The Food Safety Modernization Act (FSMA) is a federal food safety law. The comprehensive measure grants the Food and Drug Administration (FDA) broad new power to enforce food safety standards on farms. It could impact produce growers, farms that aggregate product with other farms and farms that even minimally process what they produce.

FDA issued two sets of proposed rules for implementing FSMA in January 2013. After a comprehensive campaign by New England Farmers Union and its allies to improve the rules for diversified family farmers, the FDA released supplemental rules in September 2014. These rules appear to align better with NEFU priorities. However, while the revisions are an improvement, the current re-proposal includes rules that still put farmers and food entrepreneurs at risk of going out of business, while making sustainable and organic agriculture, local food, and conservation efforts the collateral damage.

 As currently written, the rules will:

  • Suppress local food: the proposed rules unfairly burden local and regional food innovations and limit opportunities for family farmers to launch and grow their businesses.
  • Undermine conservation efforts: the proposed rules make it harder for farmers to use soil and water conservation plans that enhance soil health, water quality, and wildlife habitat.
  • Raise costs: the proposed rules impose major expenses on small farms and food businesses and lack fairness, clarity, and consistency.

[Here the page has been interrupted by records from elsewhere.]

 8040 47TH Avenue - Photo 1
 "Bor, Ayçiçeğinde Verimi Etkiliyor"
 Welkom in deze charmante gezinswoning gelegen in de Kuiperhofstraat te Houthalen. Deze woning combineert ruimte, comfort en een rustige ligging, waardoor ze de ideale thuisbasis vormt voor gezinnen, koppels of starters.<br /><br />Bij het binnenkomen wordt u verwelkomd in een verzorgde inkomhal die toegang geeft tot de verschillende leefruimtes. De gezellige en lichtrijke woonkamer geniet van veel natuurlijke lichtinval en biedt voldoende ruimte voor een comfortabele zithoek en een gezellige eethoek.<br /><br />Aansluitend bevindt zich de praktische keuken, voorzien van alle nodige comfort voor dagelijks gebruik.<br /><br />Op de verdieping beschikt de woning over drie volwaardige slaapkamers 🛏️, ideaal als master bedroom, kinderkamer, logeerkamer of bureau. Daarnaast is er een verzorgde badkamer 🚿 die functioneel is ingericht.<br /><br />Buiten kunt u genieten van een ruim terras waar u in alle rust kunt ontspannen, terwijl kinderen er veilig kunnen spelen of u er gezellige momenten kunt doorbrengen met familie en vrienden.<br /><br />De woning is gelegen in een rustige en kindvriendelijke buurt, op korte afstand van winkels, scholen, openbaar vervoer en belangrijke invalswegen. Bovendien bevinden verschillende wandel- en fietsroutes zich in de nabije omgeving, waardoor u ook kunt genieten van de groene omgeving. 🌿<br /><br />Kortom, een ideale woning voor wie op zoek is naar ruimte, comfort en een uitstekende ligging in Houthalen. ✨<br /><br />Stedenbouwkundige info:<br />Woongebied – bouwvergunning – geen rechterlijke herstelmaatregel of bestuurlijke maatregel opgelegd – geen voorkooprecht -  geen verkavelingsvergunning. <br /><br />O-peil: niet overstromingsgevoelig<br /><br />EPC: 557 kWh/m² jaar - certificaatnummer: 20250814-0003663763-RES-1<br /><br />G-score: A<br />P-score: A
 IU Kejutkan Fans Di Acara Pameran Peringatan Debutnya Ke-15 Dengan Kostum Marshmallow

The two sets of rules that apply to human food are the Produce Safety Rule and the Preventive Controls Rule. The Produce Safety Rule seeks to reduce the food safety risks in raw produce (a summary from FDA on the supplemental rule’s altered provisions to the Produce Safety Rule is here). The Preventive Controls rule seeks to reduce risks in food processing (a summary from the FDA on the supplemental rule’s altered provisions to the Preventive Controls Rule is here).

NEFU has collaborated with the National Sustainable Agriculture Coalition (NSAC) on their comments, and have developed materials to help farmers, consumers, and organizations that work with farm and food entrepreneurs understand the significance of these proposed rules, and to outline how they will be impacted. The last comment period was extremely effective, thanks to thousands of people like you who submitted your thoughts to the FDA. The most recent round of commenting closed December 15, 2014.